Weigel

Friday Distraction: The Iron Lady

“The personal is political” – good slogan for feminism, horrible operating principles for movie-makers. According to The Iron Lady, Margearet Thatcher’s conquest of British politics was an unsatisfying way to get past her childhood drudgery. Sometimes, the girl who gets laughed at by the Heathers shows them up by being prom queen. Here, she shows them up by sinking the Belgrano.

Fine. Perhaps a biopic about Margaret Thatcher’s politics would never work as a movie. There’s an audience for an extended look at Keith Joseph’s intellectual circle, and the internal meetings that steeled Thatcher for her victory over Arthur Scargill. The audience could fit in my living room. But come on: The dry story I’m describing would be accurate. And the team that adapted Thatcher’s life for this movie seem to realize that. In The Social Network, the problem of Mark Zuckerberg’s low-stress love life was fixed when Aaron Sorkin created a fake estranged girlfriend for his lead. In The Iron Lady, Thatcher’s very satisfying life with her husband Denis is mined for… well, not for much. The truly odd and possibly revealing story of her son Mark – he tried to pull off a coup in Equitorial Guinea! – is completely ignored.

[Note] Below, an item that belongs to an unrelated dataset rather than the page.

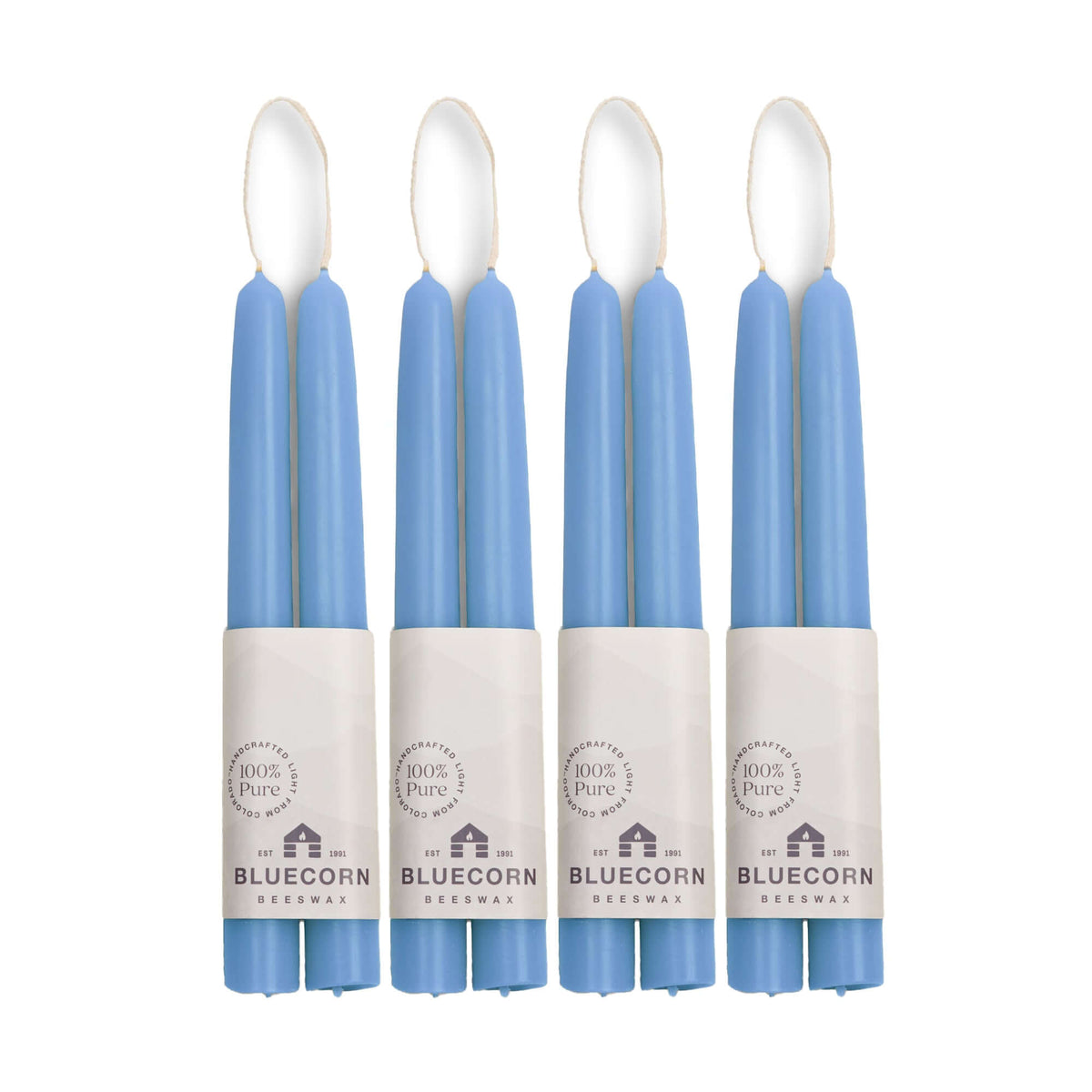 Clearance Candles - 4-Pair light blue Hand-Dipped beeswax tapers with white background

Does anything work? Not really as a political story, no. Thatcher’s career is boiled down to a few scenes in which she’s either the unfair aggressor or the seething victim. The best of these scenes is the campiest one. Thatcher is confronted by dithering cabinet ministers (including a wasted Richard E. Grant as Michael Heseltine), right before she leaves for a gala dinner. She dresses them down as simps while a handmaiden pins up her dress, her cleavage getting harder and harder to ignore. Pretty stupid, but pretty funny.

A non-camp Thatcher film could be made. You’d probably want to pick one period of her career – the Falklands or the miner’s struggle, or her 1990 downfall, maybe – and explore her character through that. You’d have time to explain the politics. Thatcher didn’t approach reform as a wronged feminist. She approached them as a Hayekian. That would be a story and a philosophy worth exploring in the Age of Austerity.